Erneuter Kursrutsch an Hongkongs Börse

■ Nach kurzer Erholung büßte gestern der Hongkonger Aktienindex knapp sechs Prozent ein, auch der Hongkong-Dollar ist noch immer unter Druck – Experten halten ihn für überbewertet

Hongkong (dpa/taz) – Nur Minuten nach dem Start der neuen Börsenwoche in Hongkong waren die Gesichter vieler Aktionäre schon wieder blaß. Die Kurse sausten schon wieder nach unten. „In der letzten Woche habe ich eine Million Hongkong-Dollar verloren und gleich wieder investiert“, stammelte ein 28jähriger städtischer Angestellter in die Mikrofone zahlreicher Kamerateams. „Nun wird es bitter.“ Er hatte umgerechnet eine Viertelmillion Mark verloren und nach der Erholung am Freitag auf eine Trendwende gehofft.

Die Hoffnung trog. Besonders betroffen sind große Banken, Hongkongs Fluggesellschaft Cathay Pacific, die Hongkonger China Telecom und die mächtigen Immobilienunternehmen. Deren steinreiche Chefs hatten beim größten Börsenkrach in der Geschichte der Stadt Milliarden verloren. Viele Immobilienfirmen leiden auch unter den hohen Zinsen. Der Immobilienmarkt, Hongkongs stärkste Branche, gilt als überteuert, Hongkong als teuerste Stadt der Welt.

Seit der Übergabe der ehemaligen britischen Kronkolonie an China am 1. Juli hat die Hongkonger Börse inzwischen um ein Drittel nachgegeben. Allein am Donnerstag um über 10 Prozent. Zwar hatte sich der Hang-Seng-Index vor allem durch Stützungskäufe aus China am Freitag leicht erholt. Gestern büßte er erneut 5,8 Prozent ein und fiel auf 10.498 Punkte.

Mit diesem zweiten Crash in nur fünf Tagen sei die Hoffnung auf eine rasche Erholung erst einmal zunichte gemacht, sagte der Sprecher eines britischen Handelshauses. Auch Manager deutscher Banken in Hongkong rechnen damit, daß sich der negative Trend in dieser Woche fortsetzt. „Hongkong verfügt über wunderschöne Wirtschaftsdaten.

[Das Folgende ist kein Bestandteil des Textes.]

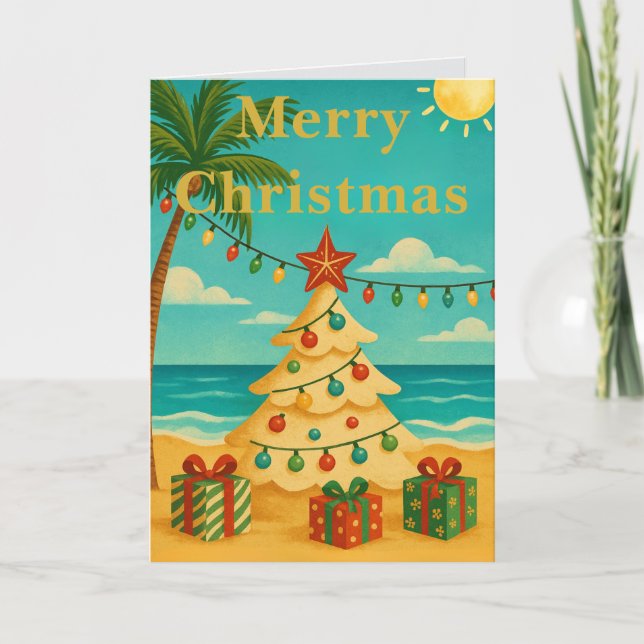 Cartão Beach Vibes Cute Message Inside Custom Christmas  (Frente)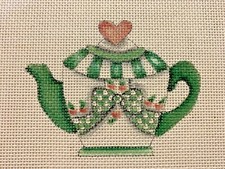 Hand Painted Needlepoint Canvas 18 Ct. LOT OF 3 GREEN  WHITE TEAPOT W/ BOW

Das ändert aber nichts daran, daß Anleger rund um den Globus Angst haben, die Bindung an den US-Dollar könnte aufgegeben werden“, sagte der Generalmanager der Deutschen Genossenschaftsbank, Peter van der Mespel. Dies führe zu Panikverkäufen von Aktien und des Hongkong-Dollars.

Die Währung ist seit 14 Jahren mit festem Wechselkurs an den US-Dollar gebunden. Für China wäre es ein Gesichtsverlust, bräche Hongkongs bisher stabiles Währungsgefüge auseinander. Hongkongs Finanzsekretär, Donald Tsang, bekräftigte die Absicht der Regierung, an der Bindung an den US-Dollar festzuhalten. „Die Finger werden sich zum Schluß die Spekulanten verbrennen.“ Doch ausländische Fondsmanager werden Hongkongs Börse nach Ansicht deutscher Finanzexperten weiter unter Druck setzen, werden Aktien verkaufen und statt in Hongkong- in US-Dollar anlegen. Länder wie Thailand, Indonesien oder Taiwan haben ihre Währungen neu bewertet. „Warum also nicht Hongkong?“ fragen sich Anleger. Denn auch der Hongkong- Dollar gilt als überbewertet.